Exercise prompt
Every entry below needs to be copied exactly.

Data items
● ● ● ● ● ● ●

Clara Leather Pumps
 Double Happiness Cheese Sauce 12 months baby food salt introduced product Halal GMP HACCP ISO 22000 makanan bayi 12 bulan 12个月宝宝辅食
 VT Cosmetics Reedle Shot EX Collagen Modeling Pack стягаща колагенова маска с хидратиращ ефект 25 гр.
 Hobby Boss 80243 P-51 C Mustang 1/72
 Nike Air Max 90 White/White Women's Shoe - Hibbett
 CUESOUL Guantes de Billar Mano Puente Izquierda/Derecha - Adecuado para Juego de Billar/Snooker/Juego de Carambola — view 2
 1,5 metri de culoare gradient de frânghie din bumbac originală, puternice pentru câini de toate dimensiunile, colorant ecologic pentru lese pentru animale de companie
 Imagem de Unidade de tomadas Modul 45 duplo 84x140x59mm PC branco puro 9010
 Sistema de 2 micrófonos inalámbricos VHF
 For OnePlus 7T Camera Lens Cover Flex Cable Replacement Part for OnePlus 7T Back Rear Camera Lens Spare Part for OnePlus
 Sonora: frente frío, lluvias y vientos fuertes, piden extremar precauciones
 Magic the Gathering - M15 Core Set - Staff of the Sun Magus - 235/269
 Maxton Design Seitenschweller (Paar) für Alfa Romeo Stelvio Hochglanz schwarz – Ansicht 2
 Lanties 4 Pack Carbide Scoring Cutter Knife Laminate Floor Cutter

● ● ● ● ● ● ●

Exercise result
Clara Leather Pumps
 Double Happiness Cheese Sauce 12 months baby food salt introduced product Halal GMP HACCP ISO 22000 makanan bayi 12 bulan 12个月宝宝辅食
 VT Cosmetics Reedle Shot EX Collagen Modeling Pack стягаща колагенова маска с хидратиращ ефект 25 гр.
 Hobby Boss 80243 P-51 C Mustang 1/72
 Nike Air Max 90 White/White Women's Shoe - Hibbett
 CUESOUL Guantes de Billar Mano Puente Izquierda/Derecha - Adecuado para Juego de Billar/Snooker/Juego de Carambola — view 2
 1,5 metri de culoare gradient de frânghie din bumbac originală, puternice pentru câini de toate dimensiunile, colorant ecologic pentru lese pentru animale de companie
 Imagem de Unidade de tomadas Modul 45 duplo 84x140x59mm PC branco puro 9010
 Sistema de 2 micrófonos inalámbricos VHF
 For OnePlus 7T Camera Lens Cover Flex Cable Replacement Part for OnePlus 7T Back Rear Camera Lens Spare Part for OnePlus
 Sonora: frente frío, lluvias y vientos fuertes, piden extremar precauciones
 Magic the Gathering - M15 Core Set - Staff of the Sun Magus - 235/269
 Maxton Design Seitenschweller (Paar) für Alfa Romeo Stelvio Hochglanz schwarz – Ansicht 2
 Lanties 4 Pack Carbide Scoring Cutter Knife Laminate Floor Cutter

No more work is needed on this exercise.